Editor: Re: Police facing variety of issues as feds move to legalize marijuana, Nov.

Editor:

Re: Police facing variety of issues as feds move to legalize marijuana, Nov. 22

It’s good of Delta police Chief Neil Dubord to publicize the rising rate of fatal auto crashes and collisions involving potheads in Washington and Colorado where marijuana has been legal for years already. Time flies, especially when you’re high.

However, why does Dubord make the phony distinction between “drugs or alcohol” in his promise that impaired driving will continue to be a target for his officers “regardless of whether it is by drugs or alcohol?”

Alcohol is a drug, too. Alcohol became a drug sanctioned by law only because banning it caused our ancestors all of the problems that marijuana, heroin, the opioids and so on are causing today.
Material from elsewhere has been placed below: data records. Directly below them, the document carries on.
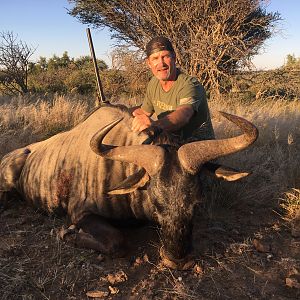 Hunt Blue Wildebeest in Namibia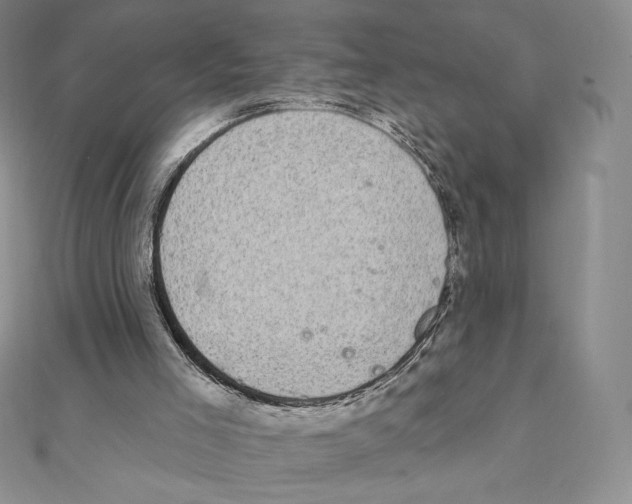 X0000111130005200907281101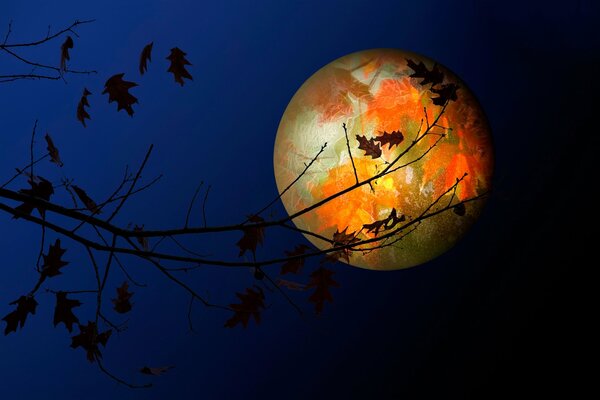 Autumn night. Full moon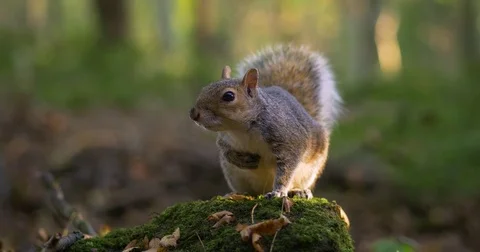 Squirrel in Nature on Rock Looking Straight at Camera Stock Footage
When booze was illegal, criminals sold it on the black market; sometimes what they sold was the slow poison we buy in licenced stores today. However, too often, they trafficked in more lethal forms of alcohol that killed you quickly or fried or blinded you for life.

As a way to reduce the mayhem, our great grandparents legalized the slower killing alcohols and maintained the regulation of industrial alcohols.

Dubord isn’t the only one who makes the phony distinction between drugs and alcohol. We all make it and I’m sure the booze lobby is pleased that we do.

After all, there’s aged wisdom in the old bartender’s question: “What’s your poison?”